With the on-the-fly im2col unit and a basic in-order Rocket CPU, Gemmini achieves significant performance gains, such as 22.8 frames per second (FPS) for ResNet50 inference at 1 GHz—a 2,670\(\times\) speedup over the in-order Rocket CPU and a 1,130\(\times\) speedup over the out-of-order BOOM CPU. Additionally, Gemmini achieves 79.3 FPS on AlexNet. While some DNN models like MobileNetV2 may not efficiently utilize spatial accelerators due to low data reuse in depthwise convolution layers, Gemmini still achieves a 127\(\times\) speedup over the Rocket host CPU, reaching 18.7 FPS at 1 GHz. On SqueezeNet, designed for efficient CPU operation while conserving memory bandwidth, Gemmini demonstrates a 1,760\(\times\) speedup over the Rocket host CPU. These results are consistent with other accelerators like NVDLA under similar configurations. For language models like BERT, Gemmini achieves a 144\(\times\) improvement over the Rocket CPU.
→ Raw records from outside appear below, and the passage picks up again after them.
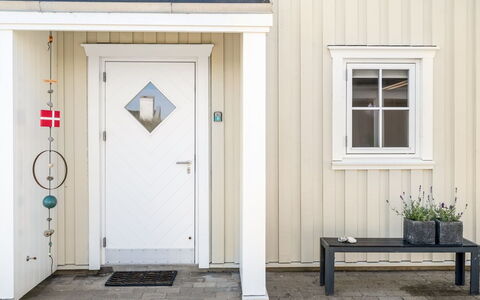 Ingmarie - 1Km from the Sea: Dak, Huis, Huis, Verblijf, Siding, Landgoed, Oprit, Garden Gebouwen, Werf, Schuur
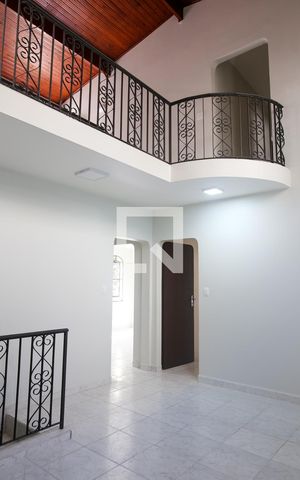 Casa para alugar com 300m², 4 quartos e 4 vagas Casa para alugar com 300m², 4 quartos e 4 vagasCorredor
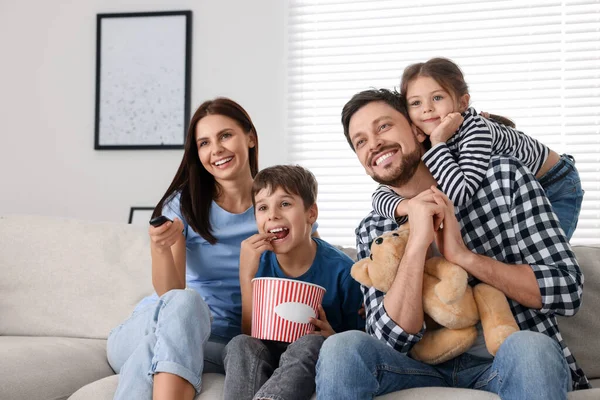 Šťastná Rodina Doma Sleduje Film Matka Mění Televizní Kanály Dálkovým — Stock fotografie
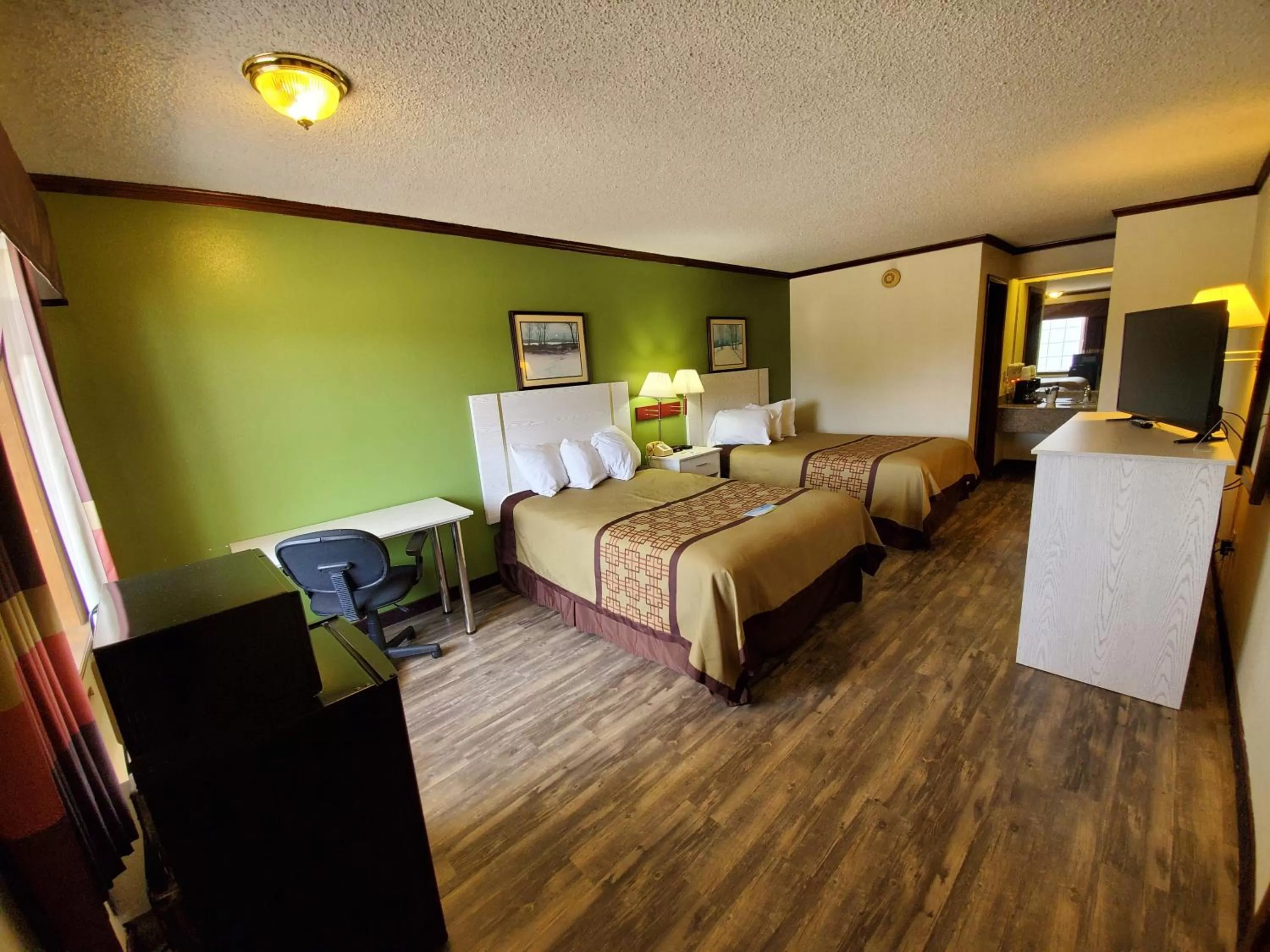 Deluxe Double Room with Two Double Beds - Non-Smoking in Days Inn by Wyndham Monett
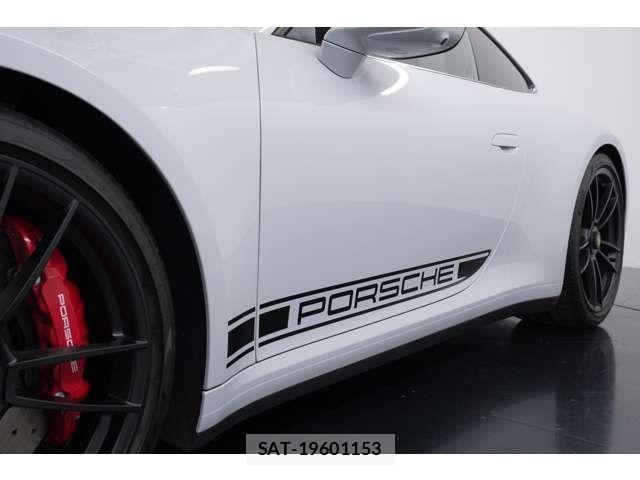 Porsche 911 2024-08 6911140-9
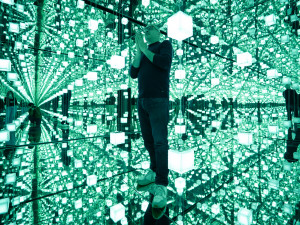 FOTO: Signal Space rozšířil výstavu, připomíná historii slavného audiovizuálního festivalu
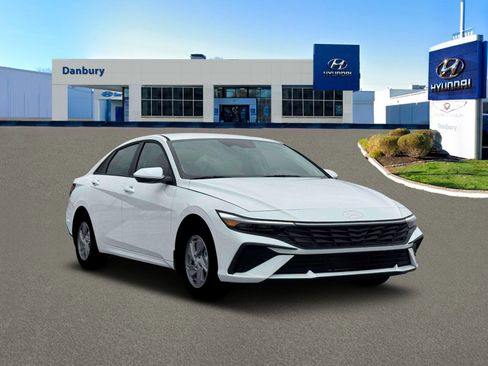 New 2026 Hyundai Elantra SE image 11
Figure 2: Speedup compared to an in-order CPU baseline. For CNNs, im2col was performed on either the CPU, or on the accelerator
Figure 2: Speedup compared to an in-order CPU baseline. For CNNs, im2col was performed on either the CPU, or on the accelerator

Critical Review

Pros

  • Gemmini offers a full-stack solution for generating DNN accelerators, including flexible architectural templates, software flows, and complete SoC integration, providing a holistic approach to accelerator design.
  • Being open-source, Gemmini fosters collaboration and allows researchers and developers to access and modify the tool according to their needs.
  • The paper demonstrates systematic evaluations of Gemmini-generated accelerators, showcasing their high performance efficiency and providing insights into co-design and system-level behavior evaluation.

Cons

  • While Gemmini demonstrates high performance efficiency, the paper may lack extensive comparisons with other existing DNN accelerator generators or commercial solutions, which could provide more context for its performance.
  • Power metrics for the fabricated processors are not provided in the paper.

Takeaways

Gemmini is introduced as a comprehensive, open-source tool for generating DNN accelerators, facilitating systematic evaluations of their architectures. It utilizes a flexible architectural template to accommodate various types of DNN accelerator designs. Gemmini also offers a user-friendly, high-level software flow to enhance programmer efficiency. Furthermore, it generates complete SoCs capable of running real-world software stacks, including operating systems, enabling thorough evaluation of system-level impacts by system architects. Our evaluation indicates that Gemmini-generated accelerators exhibit high performance efficiency. Case studies demonstrate how accelerator designers and system architects can utilize Gemmini to co-design and assess system-level behavior in emerging applications.

References

  1. H. Genc, S. Kim, A. Amid, A. Haj-Ali, V. Iyer, P. Prakash, J. Zhao, D. Grubb, H. Liew, H. Mao, A. Ou, C. Schmidt, S. Steffl, J. Wright, I. Stoica, J. Ragan-Kelley, K. Asanovic, B. Nikolic, and Y. S. Shao, “Gemmini: Enabling systematic deep-learning architecture evaluation via full-stack integration,” 2021.